Publicado en Nueva Alcarria el 22 febrero 1969

I

Tenemos un amigo que está algo olvidado, algo apartado de nuestra vida. Un amigo fiel que siempre espera nuestra llegada. Un compañero que siempre nos da la razón y nos conforta: es el paisaje. Vemos con tristeza como nuestro amigo va siendo dejado de lado, relegado a un mutismo ciclópeo y un poco hosco en su soledad. De un tiempo a esta parte, solo se ensalza al sol, la temperatura, lo artificial que el hombre pone sobre el paisaje. Se comercializa su color y su grandeza. Se le trata como oro para correr de mano en mano, como seda para ser usada, como aromático vino para ser bebido. El paisaje, se nos está convirtiendo, desgraciadamente, en un artículo más de consumo. El, que siempre ha sido tan callado y sumiso, no dice nada. Pero se sabe ofendido, degradado, y eso le hace sufrir mucho.

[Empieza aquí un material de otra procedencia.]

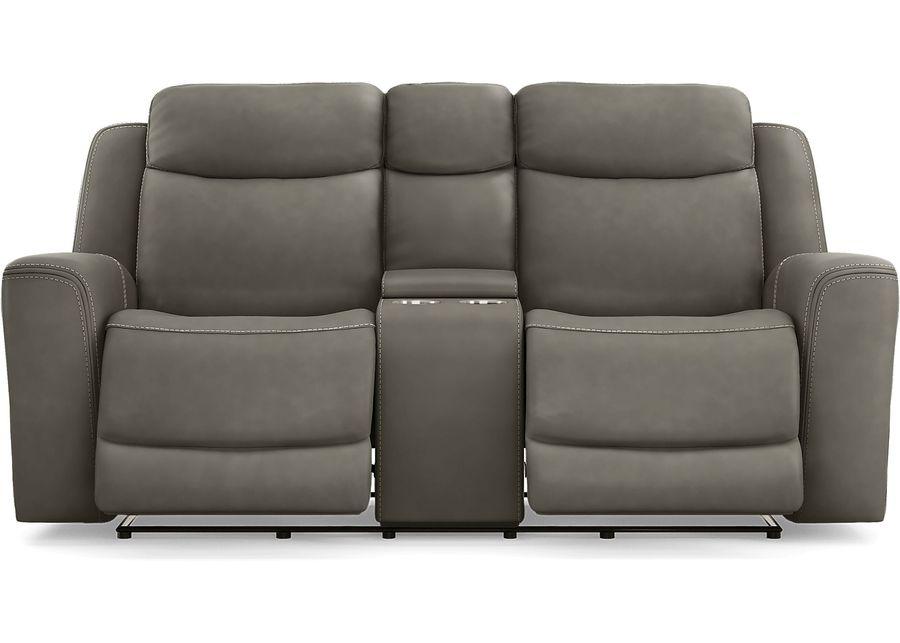 Davidson Dark Gray Leather 8 Pc Dual Power Reclining Living Room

Entre las dos cuestiones de si es el hombre el que hace al paisaje, o es el paisaje el que hace al hombre, Ortega y Gasset se quedaba con la primera, y decía que Francia es verde porque así lo han querido los franceses, y que la aspereza de Castilla solo es debida a la aspereza de los castellanos. Largos párrafos habría que dedicar, creo yo, a debatir esta cuestión, que no está nada clara y, por supuesto, todavía sin zanjar.

Pero sí quisiera yo en es lugar, esbozar por lo menos mi modesta opinión que, de todos modos, ha de ser siempre colocada detrás de la de Ortega. El paisaje es un ser aparte en la historia de los hombres. Es un hombre más, pero distinto. Juez que tantas veces ha decidido el rumbo de batallas, musa de poetas, y padre que ha dado de comer (o, en otras ocasiones, ha dejado morir) a tanta gente.

Y, si esto es verdad en toda la redondez de la tierra, en España toma caracteres más acusados, y es aquí donde el paisaje se erige no ya en amigo, sino en hijo, en padre, en canción, en sueño, en persecución, en drama, en vida o muerte de los que habitamos este país. El paisaje español es bastante difícil de definir. Pensad en el color. El color es palabra que significa mucho y nada al, mismo tiempo. Pensad otra vez en el color. ¿Qué veis? Nada. Tal vez cierta opaca transparencia. Pero, sin embargo, el color comprende, encierra dentro de sí, todos los colores, toda la infinita variedad de los colores del Universo. Así es el paisaje español. Algo que es mucho y es nada al mismo tiempo. Ni es alto ni bajo. Ni callado ni alborotador. Ni humilde ni jactancioso. Es todo eso, pero diversa y sabiamente repartido. Es uno y muchos. Es algo que nos mira y nos encierra. Alguien que nos habla y nos sonríe. Pero, repito, es triste que todo esto comience a ser olvidado por muchos. Quisiera refrescar recuerdos y avivar emociones. Haceros sentir a, todos la presencia del paisaje, de este ser que nos encierra a todos todavía, y que algunos quieren encerar para sacarle donde o puando les convenga.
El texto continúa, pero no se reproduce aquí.